===== Given data
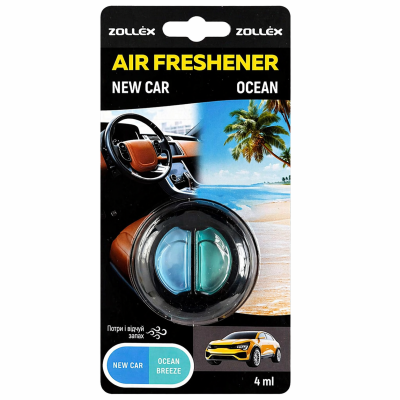 ZOLLEX  Освіжувач повітря авто 4мл New car/Ocean 17024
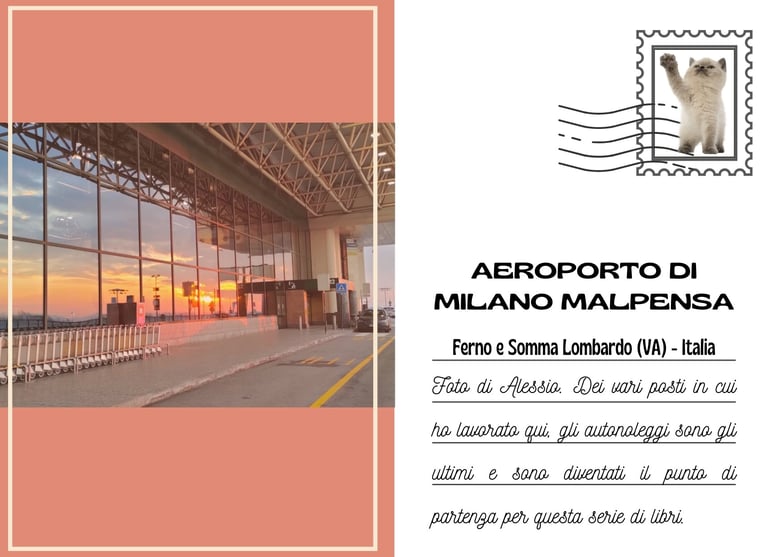 Cartolina della vetrata esterna dell'aeroporto di Malpensa al tramonto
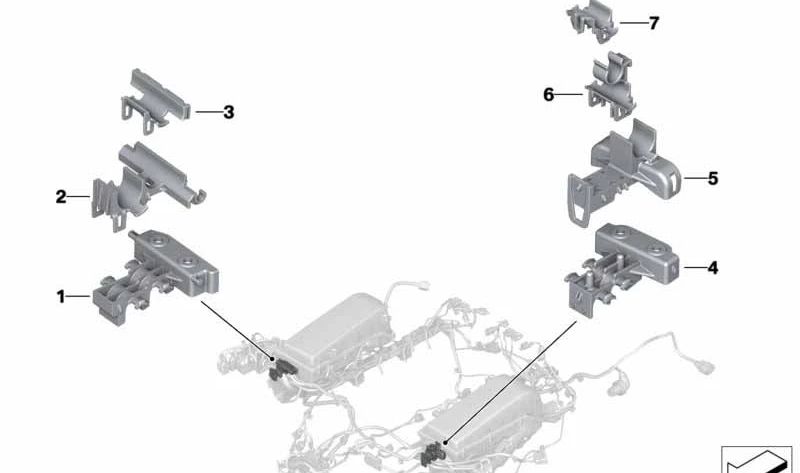 Soporte aliviador de tensión para cableado OEM 12528653746 para BMW Serie 7 G12, G11 (2015-2022). Original BMW.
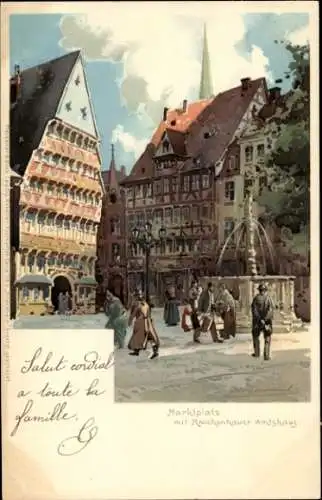 Künstler Ak Hammel, Otto, Hildesheim in Niedersachsen, Marktplatz, Knochenhauer Amtshaus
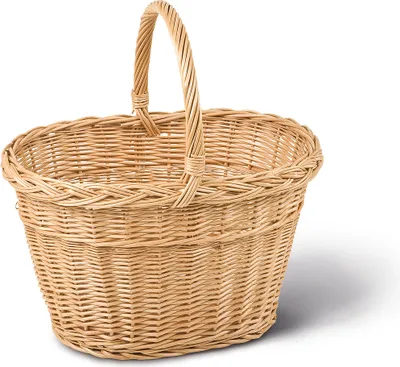 A woven basket with a handle, isolated on a white background.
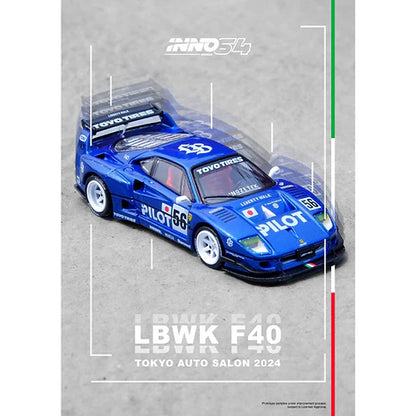 Ferrari F40 Liberty Walk Pilot Tokyo Auto Salon 2024 Blue Inno 64 - Fishwheels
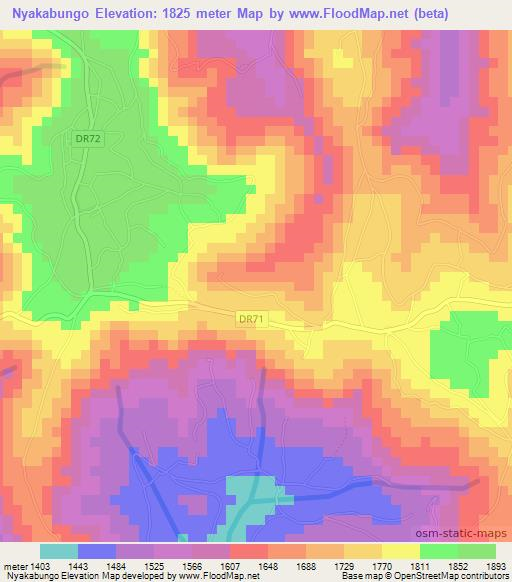 Nyakabungo,Rwanda Elevation Map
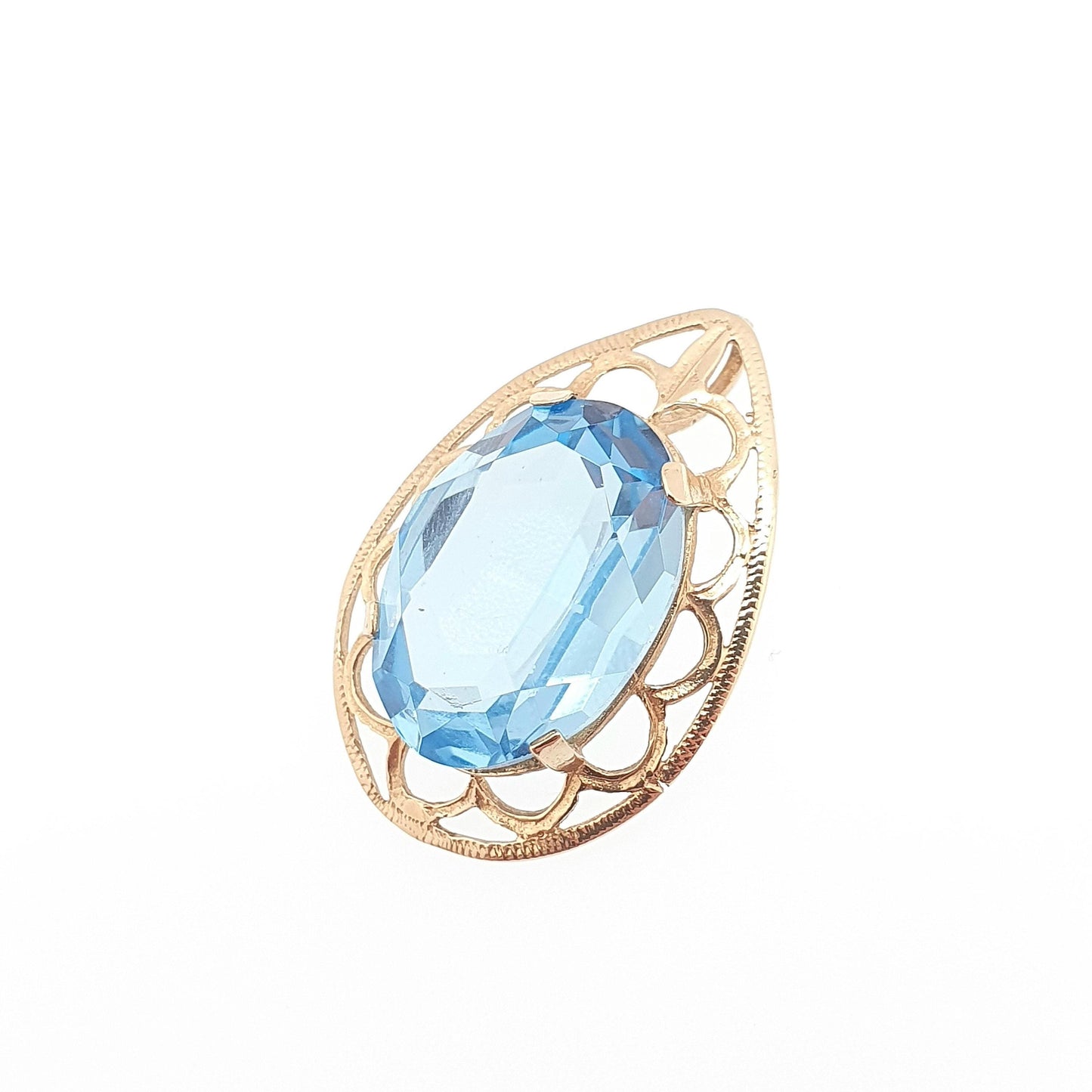 Vintage 9k 9ct Gold Aquamarine Crystal Necklace Pendant Oval Cut Solid 375 Gemstone Cute Sky Blue Retro Womens Ladies Jewelry Jewellery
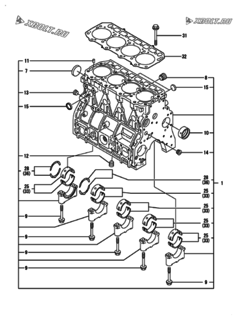  Двигатель Yanmar 4TNE98-ACG24, узел -  Блок цилиндров 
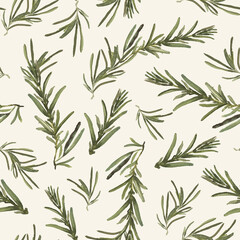 Watercolor seamless pattern with rosemary. Vintage floral illustration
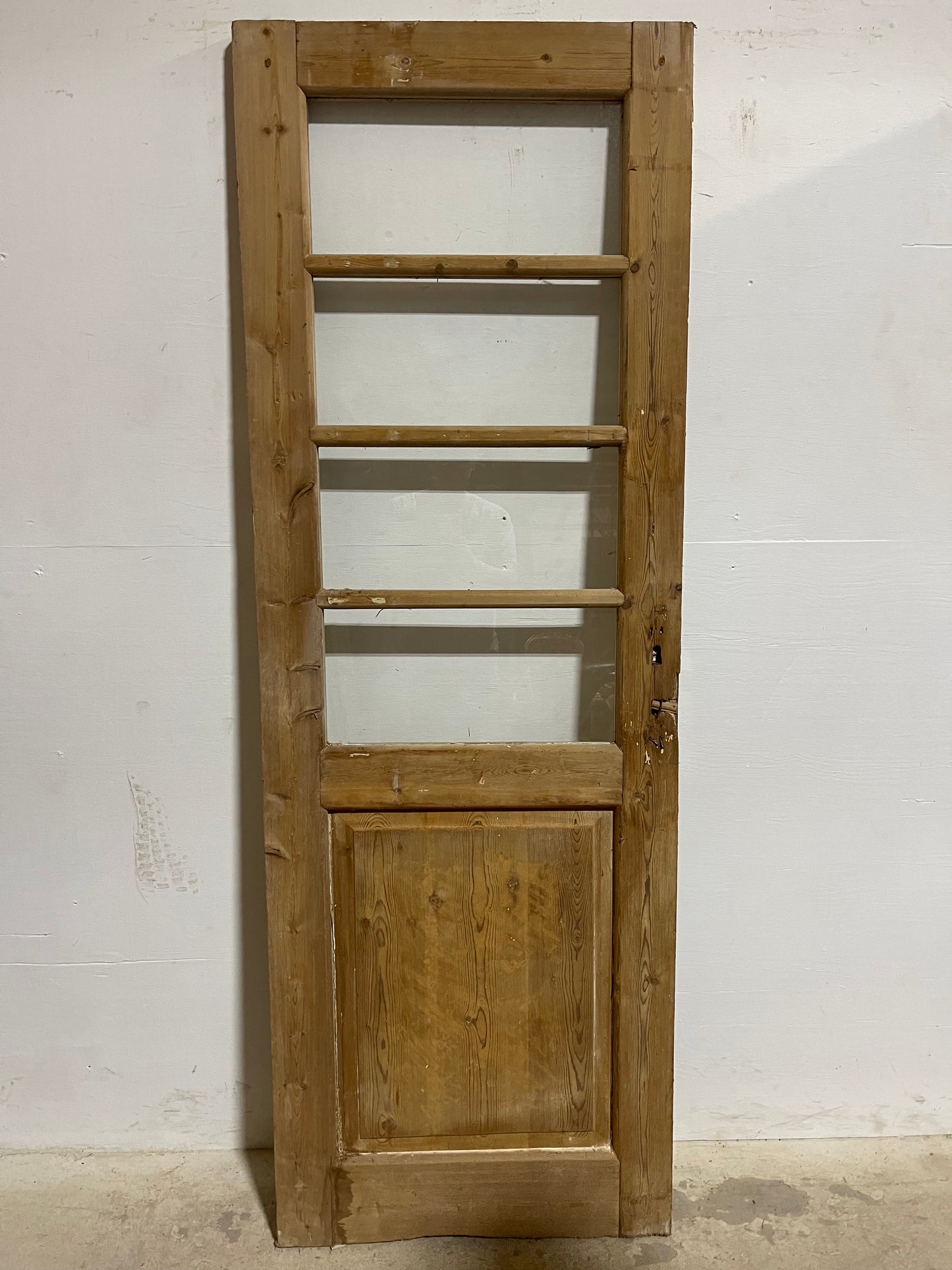 Antique  French Panel Door with Glass  (79.75x27.5) J913
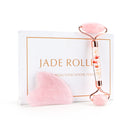 Natürliches Gesichtsmassagegerät Gesichtsroller Gua Sha Schaber Doppelköpfe Jadestein Roller Hautpflege Rosenquarz Massage für Gesicht Körper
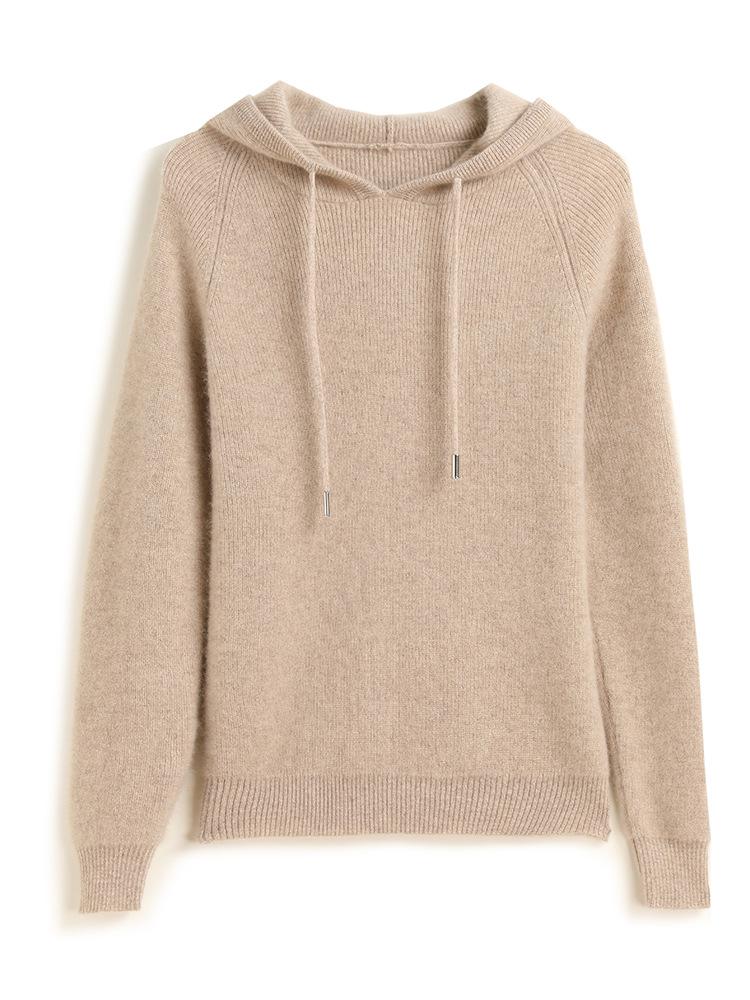 Women's Hooded Cashmere Sweater: Long Sleeve, Thick, Warm, Autumn/Winter Knit, Loose Fit Pullover.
==========
What is needed is an exact copy of the lines above from the one with "Soporte aliviador de" to the one with "Watercolor seamless pattern", both ends kept, and nothing more; please leave the pictures out.

- Written solution:
 Soporte aliviador de tensión para cableado OEM 12528653746 para BMW Serie 7 G12, G11 (2015-2022). Original BMW.
 Künstler Ak Hammel, Otto, Hildesheim in Niedersachsen, Marktplatz, Knochenhauer Amtshaus
 A woven basket with a handle, isolated on a white background.
 Ferrari F40 Liberty Walk Pilot Tokyo Auto Salon 2024 Blue Inno 64 - Fishwheels
 Nyakabungo,Rwanda Elevation Map
 Vintage 9k 9ct Gold Aquamarine Crystal Necklace Pendant Oval Cut Solid 375 Gemstone Cute Sky Blue Retro Womens Ladies Jewelry Jewellery
  Двигатель Yanmar 4TNE98-ACG24, узел -  Блок цилиндров 
 Watercolor seamless pattern with rosemary. Vintage floral illustration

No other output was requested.